> [TASK DIRECTIONS]:
Output all of the data exactly as it appears, but leave out any pictures it contains.

> [INFORMATION PROVIDED]:
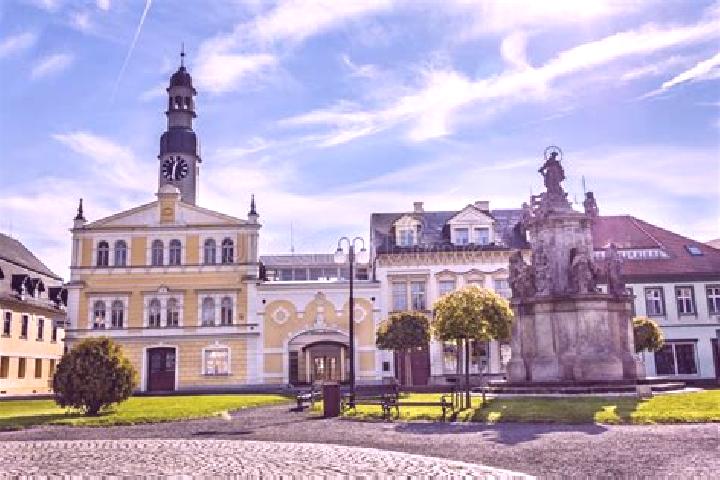 Hannah, 27 — Escort in Chrastava, Czech Republic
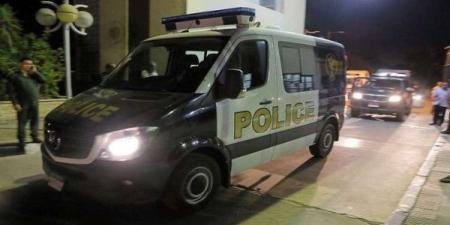 جريمة
      مروعة
      في
      مصر..
      أم
      تذبح
      ابنيها
      القاصرين
      وتقفز
      في
      النيل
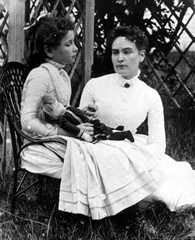 Anne Sullivan gets Helen a doll and spells it out (http://jaimeburque.com/blog/el-milagro-de-ana-sullivan/ )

> [RESPONSE BELOW]:
 Hannah, 27 — Escort in Chrastava, Czech Republic
 جريمة
      مروعة
      في
      مصر..
      أم
      تذبح
      ابنيها
      القاصرين
      وتقفز
      في
      النيل
 Anne Sullivan gets Helen a doll and spells it out (http://jaimeburque.com/blog/el-milagro-de-ana-sullivan/ )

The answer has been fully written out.